Pour combler le fossé et permettre à chacun de protéger sa vie privée, Nadim a lancé Cryptocat en 2011. Plus designer qu’expert en cryptographie, il mise d’emblée sur une interface très simple et un logo sympathique, un petit chat pixellisé. Les failles initiales, qui lui avaient valu de vives critiques, ont depuis été corrigées. Pour toucher un public toujours plus large, Cryptocat peut être utilisé avec le tchat de Facebook, pour protéger ses conversations , y compris du géant du Net.
« SKYPER » SANS SKYPE
Depuis que Microsoft et Google ont été mis en cause dans les révélations sur le programme Prism de la NSA, Skype et Hangouts sont regardés de travers par les défenseurs de la vie privée, et écopent de scores peu glorieux dans le comparatif des outils de communication en ligne de l’Electronic Frontier Foundation. Des concurrents à ces solutions de conversation audio et vidéo ont commencé à voir le jour. L’un des plus prometteurs vient de la fondation Mozilla, l’organisation à but non lucratif qui développe le navigateur Firefox. Firefox Hello (c’est son nom) ne nécessite même pas de créer un compte : il suffit d’ouvrir une « conversation » et d’y inviter un ami (y compris s’il utilise de son côté les navigateurs Chrome ou Opera). Pas encore disponible, la conversation à plusieurs fait partie de la feuille de route.
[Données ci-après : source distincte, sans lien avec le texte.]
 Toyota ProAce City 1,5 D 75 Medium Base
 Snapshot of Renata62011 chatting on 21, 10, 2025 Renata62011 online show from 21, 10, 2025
POUR NE PAS ÊTRE GÉOLOCALISÉ...
Idée reçue : pour éviter la géolocalisation, il suffirait de la couper sur son smartphone. Faux. Cela permet, au mieux, d’éviter le pistage commercial d’Apple, de Google et de toutes les applis qui ont accès à ces données. Mais pour suivre un téléphone, et son propriétaire, il existe un moyen beaucoup plus simple et difficile à contourner : le bornage. Les téléphones communiquent à intervalle régulier avec les antennes-relais à proximité. Ces données de localisation sont conservées pendant un an par les opérateurs de téléphonie français. Il est donc possible, a posteriori, de savoir où se trouvait un téléphone (« smart » ou non). De manière générale, les métadonnées (qui communique avec qui, quand, où) constituent l’angle mort de la protection de la vie privée : par exemple, si le contenu d’un mail crypté est illisible par un tiers, l’expéditeur, le destinataire et l’objet du mail demeurent accessibles. Les méthodes les plus rustiques restent parfois les meilleures. Pour éviter d’être géolocalisé à cause de son téléphone, rien de mieux que de le laisser dans un tiroir.
CRYPTER SES SMS
Pas facile d’échanger de façon sécurisée sur un téléphone portable. Un certain Nicolas Sarkozy l’a appris à ses dépens. S’il s’était renseigné, il aurait pu découvrir l’offre pléthorique d’applications permettant de sécuriser ses communications sur les smartphones. Toutes ne sont pas recommandables, notamment celles qui n’ouvrent pas leur code source aux regards extérieurs. Depuis 2011, Open Whisper System fait le pari inverse. L’entreprise propose les applications TextSecure et RedPhone, pour envoyer des SMS et des appels cryptés sous Android, ainsi que Signal, qui regroupe les deux fonctions sur iPhone. Elles sont évidemment compatibles entre elles.
Des applications pensées pour être faciles à utiliser. L’un des développeurs, Frederic Jacobs, pas encore 25 ans, prône « la facilité d’usage de la cryptographie » pour qu’elle se répande au-delà des cercles d’initiés. Le pari de la simplicité est réussi. Comme pour n’importe quel outil de tchat, il suffit de sélectionner le nom d’un correspondant qui l’utilise pour entamer une conversation cryptée, écrite ou orale. Consécration ultime, Edward Snowden lui-même en a recommandé l’usage lors de son intervention, l’an dernier, au festival South by Southwest.